*** Dataset ***
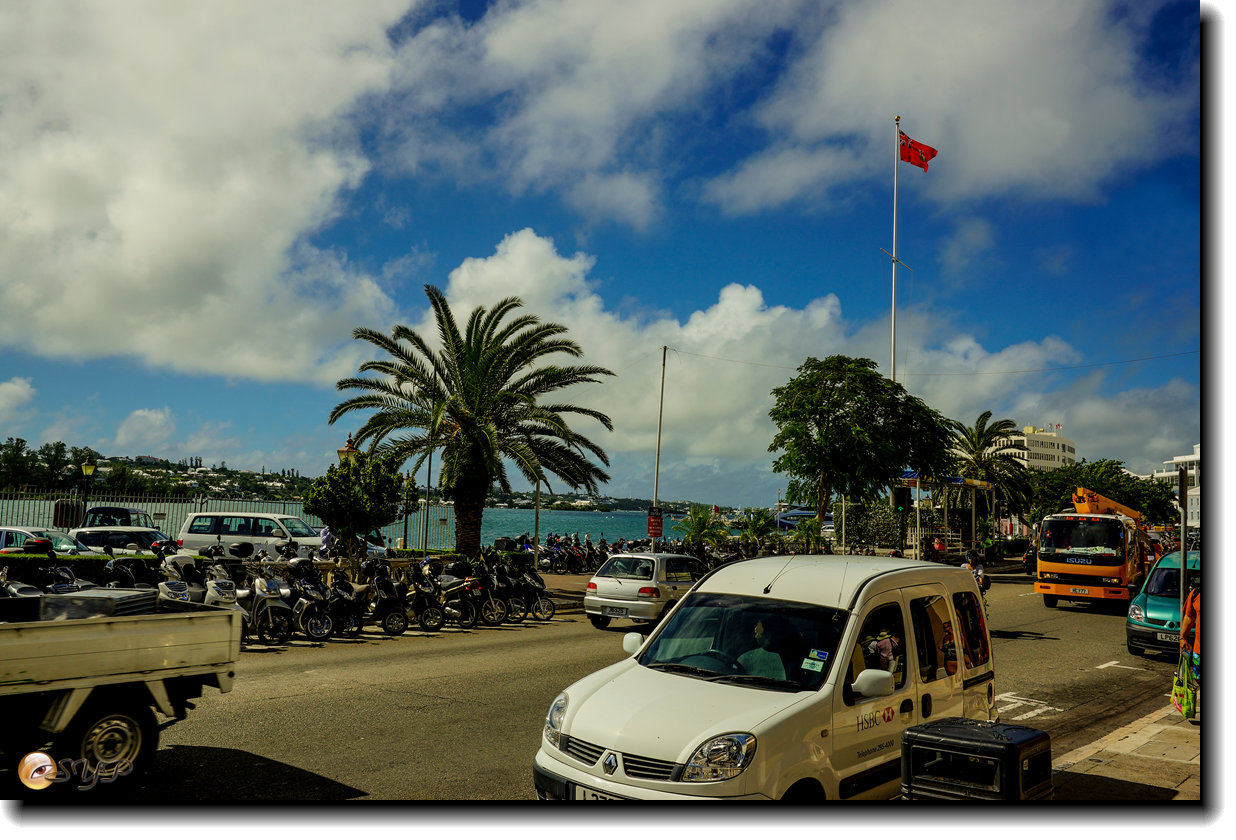 DSC06221_.jpg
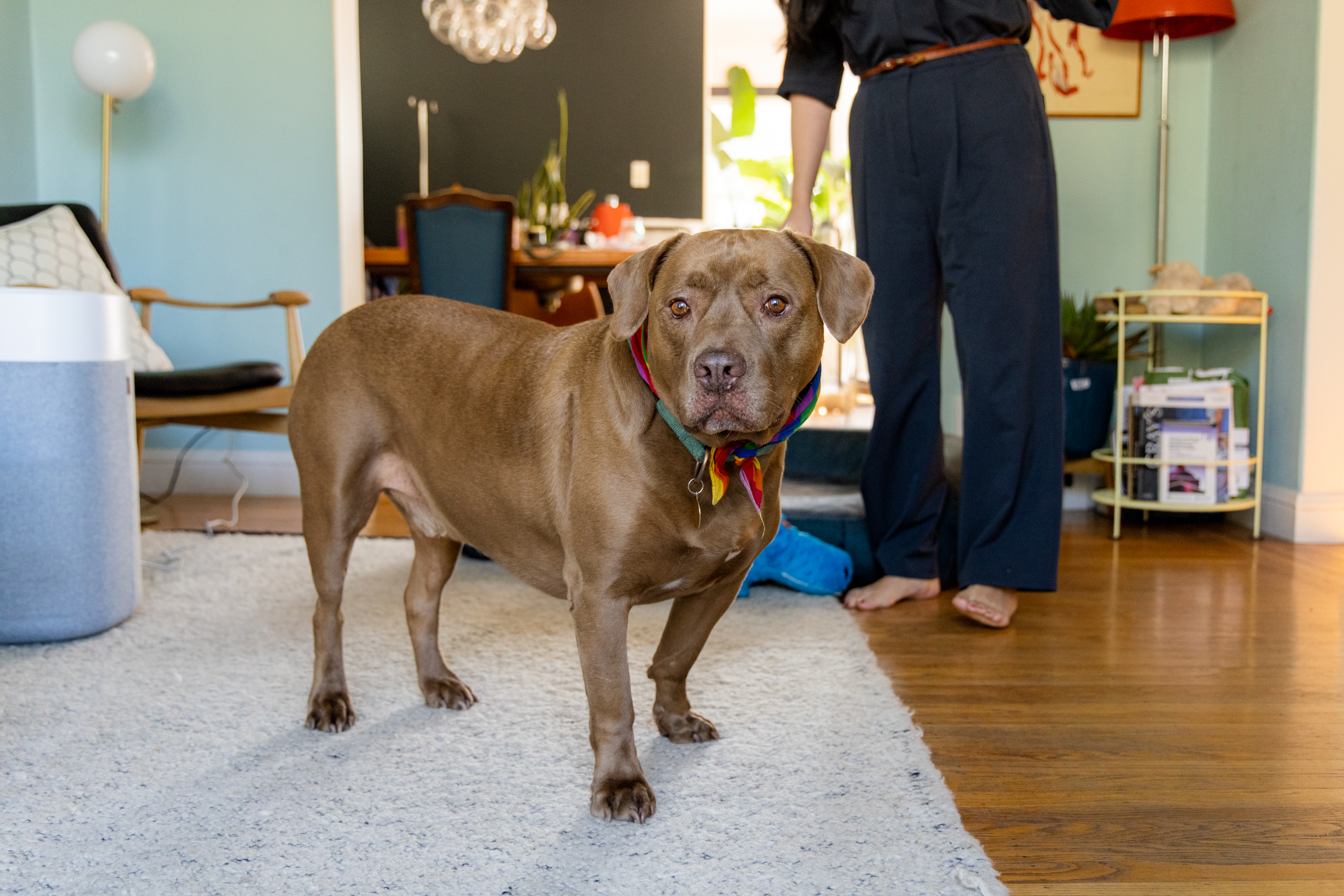 A brown dog with a colorful bandana stands on a rug in a living room. A person's legs and feet, clad in dark pants, are visible in the background. The room appears furnished and cozy.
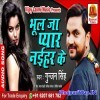 Bhool Ja Pyar Naihar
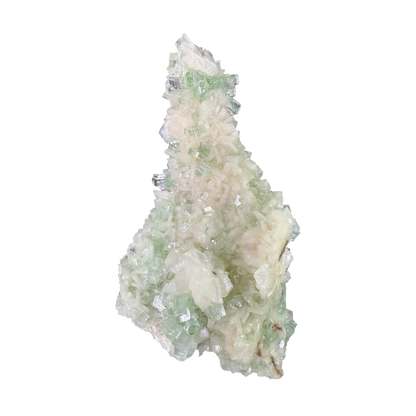 Flat Transmitted Green Apophyllite on Stilbite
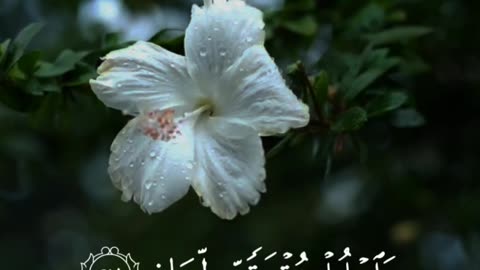 Surah Taha 20:25-29 🤲💥سورہ طہ #love #quran #like #surah #beautiful #shortvideo #shorts #shortvideo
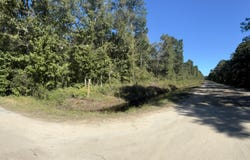 Dupre Road, McClellanville, SC 29458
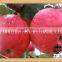 Fresh organic red Fuji apple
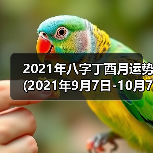 2021年八字丁酉月运势(2021年9月7日-10月7日)（图4）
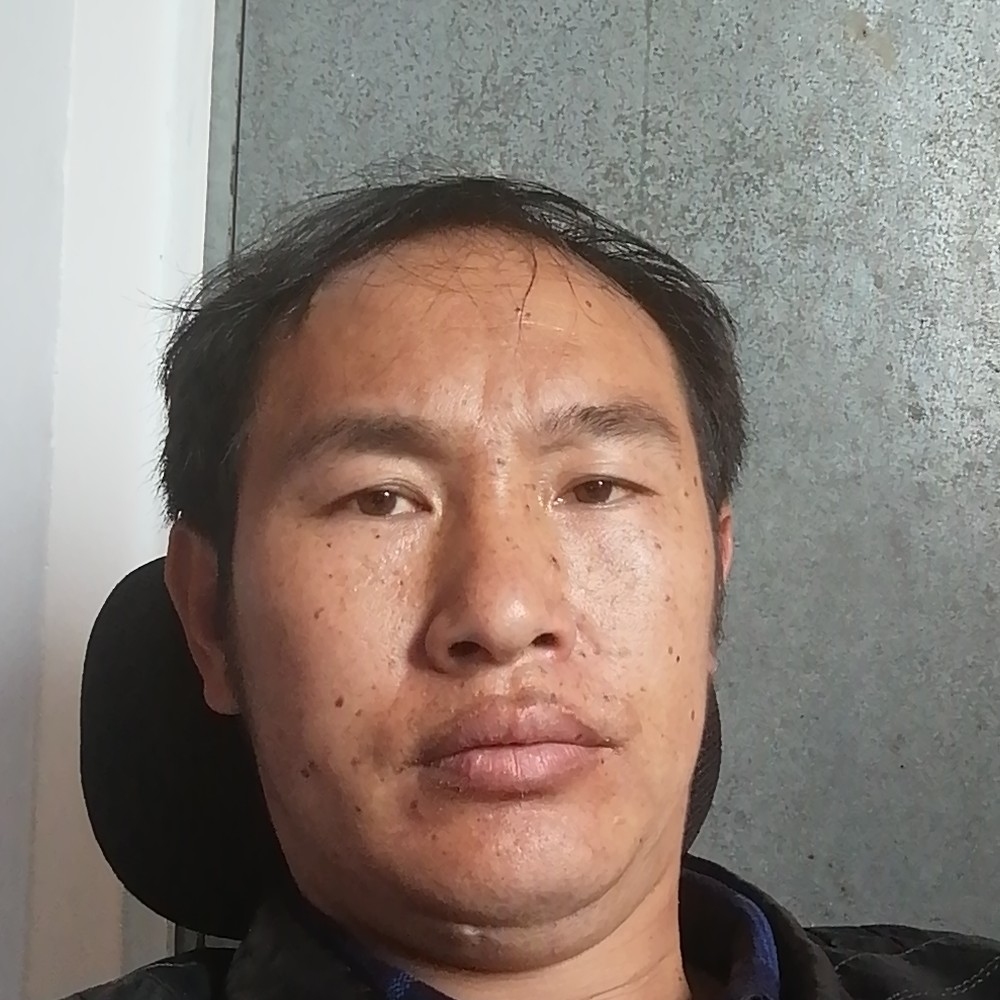 快乐人生之星的照片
*** End of Dataset ***
[What you have to do]: An exact retyping of the entries, without images, is the required answer.

[Solution to this exercise]:
 DSC06221_.jpg
 A brown dog with a colorful bandana stands on a rug in a living room. A person's legs and feet, clad in dark pants, are visible in the background. The room appears furnished and cozy.
 Bhool Ja Pyar Naihar
 Flat Transmitted Green Apophyllite on Stilbite
 Surah Taha 20:25-29 🤲💥سورہ طہ #love #quran #like #surah #beautiful #shortvideo #shorts #shortvideo
 Dupre Road, McClellanville, SC 29458
 Fresh organic red Fuji apple
 2021年八字丁酉月运势(2021年9月7日-10月7日)（图4）
 快乐人生之星的照片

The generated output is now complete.